*** Opening Records for the task ***

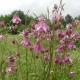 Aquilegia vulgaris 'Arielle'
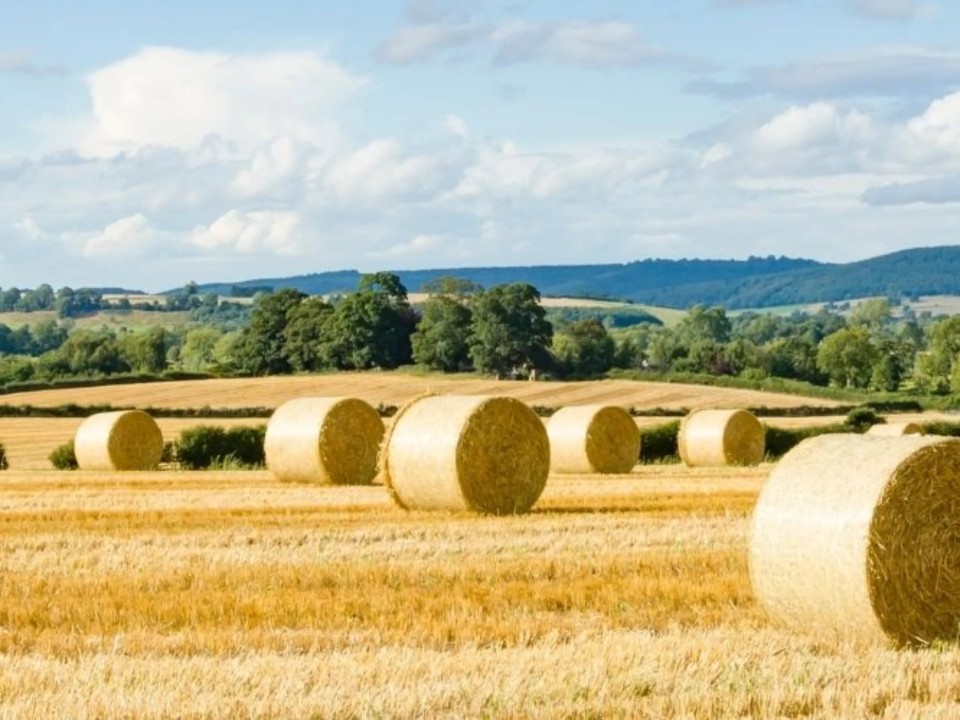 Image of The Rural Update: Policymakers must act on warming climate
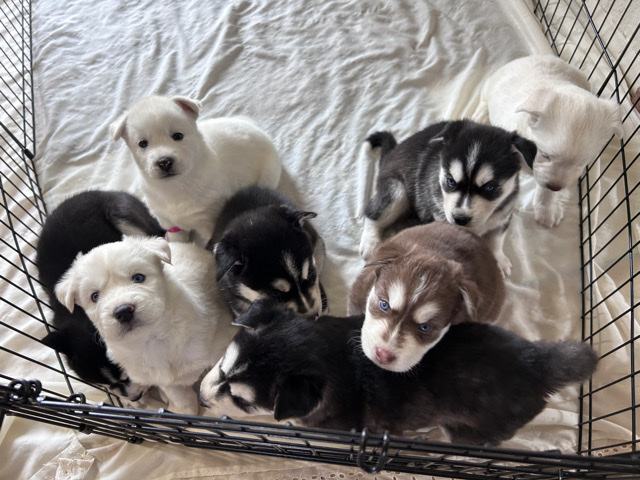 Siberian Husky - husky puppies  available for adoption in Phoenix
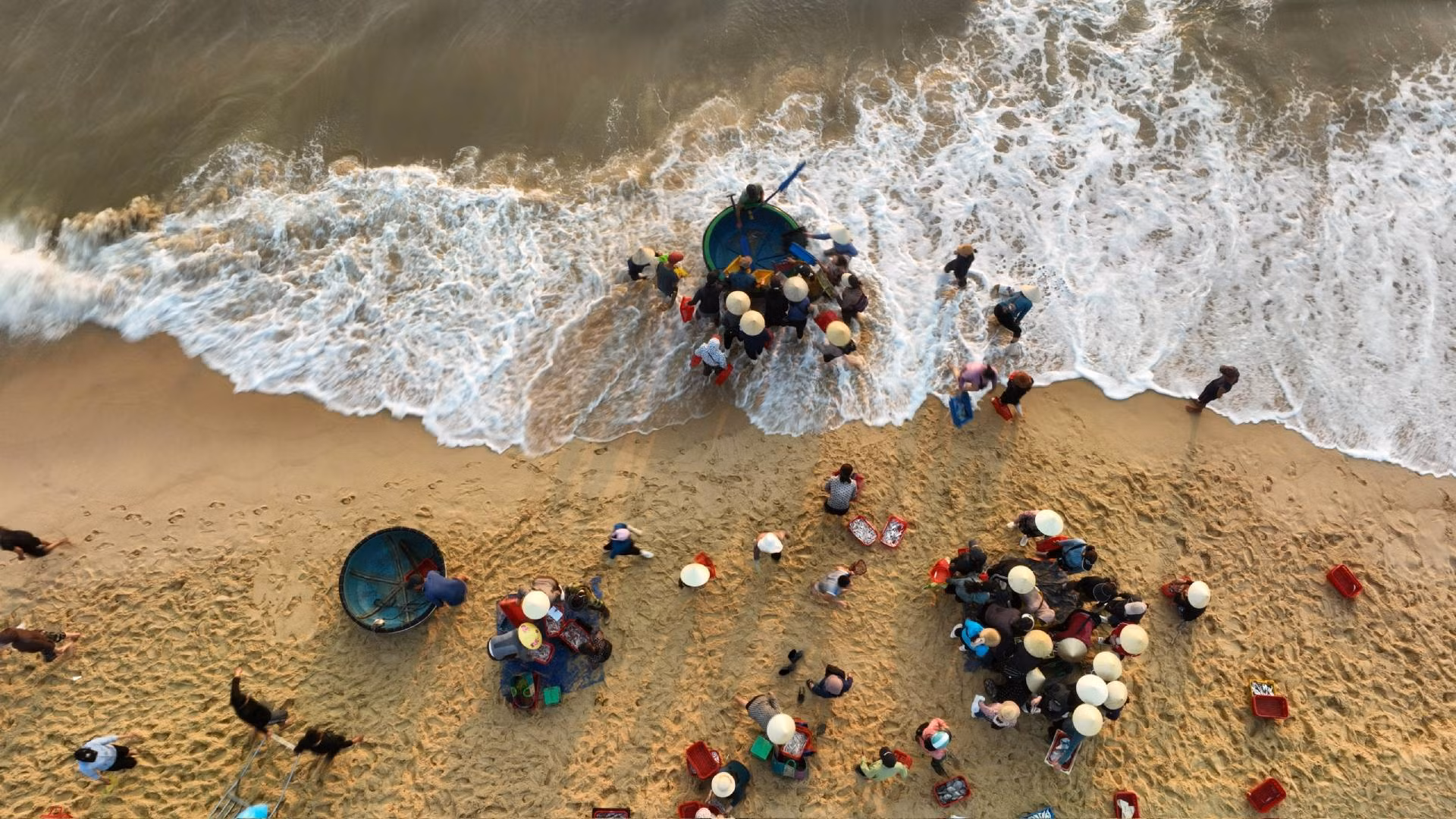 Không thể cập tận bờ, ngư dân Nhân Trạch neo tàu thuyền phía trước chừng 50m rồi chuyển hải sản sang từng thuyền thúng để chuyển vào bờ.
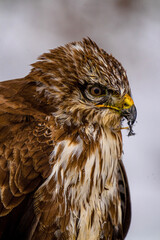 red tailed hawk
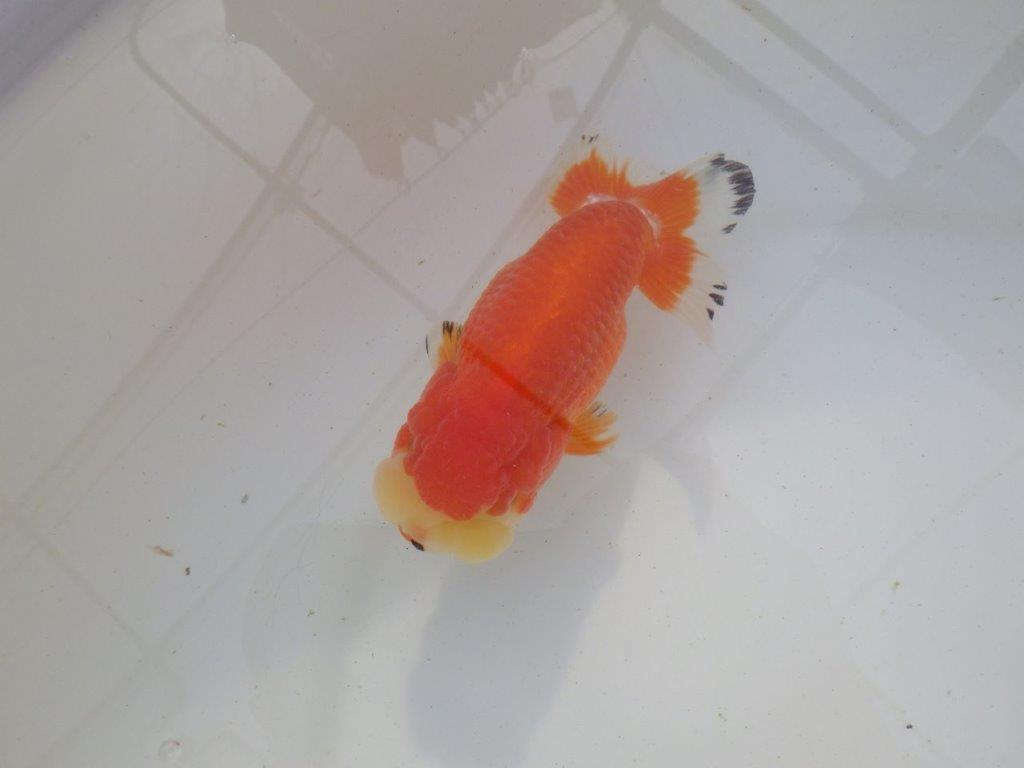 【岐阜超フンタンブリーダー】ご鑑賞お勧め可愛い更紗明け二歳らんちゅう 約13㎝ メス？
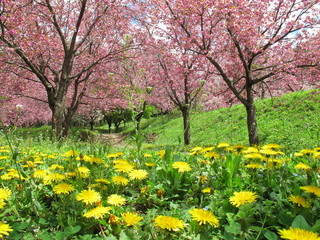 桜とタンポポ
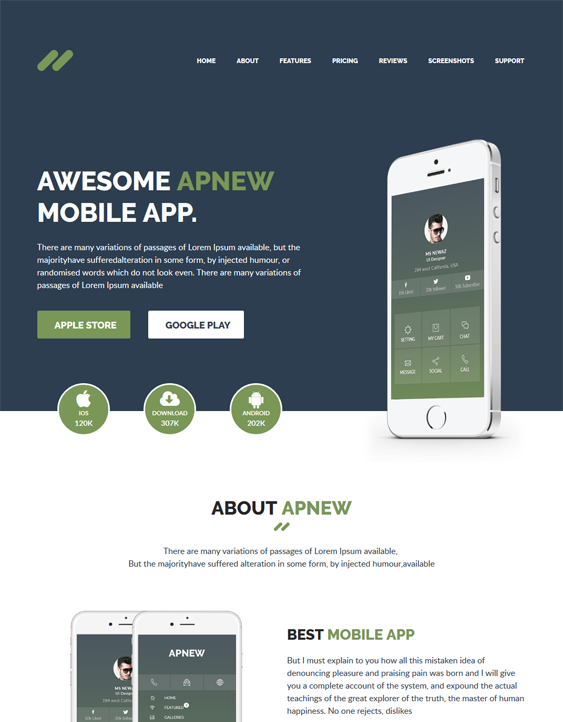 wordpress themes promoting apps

*** Closing Records for the task ***

**Exercise prompt**
Each line from the one with "Không thể cập" through the final line of the records must be copied exactly, with no pictures and no additional lines.

**Solution to the exercise**
 Không thể cập tận bờ, ngư dân Nhân Trạch neo tàu thuyền phía trước chừng 50m rồi chuyển hải sản sang từng thuyền thúng để chuyển vào bờ.
 red tailed hawk
 【岐阜超フンタンブリーダー】ご鑑賞お勧め可愛い更紗明け二歳らんちゅう 約13㎝ メス？
 桜とタンポポ
 wordpress themes promoting apps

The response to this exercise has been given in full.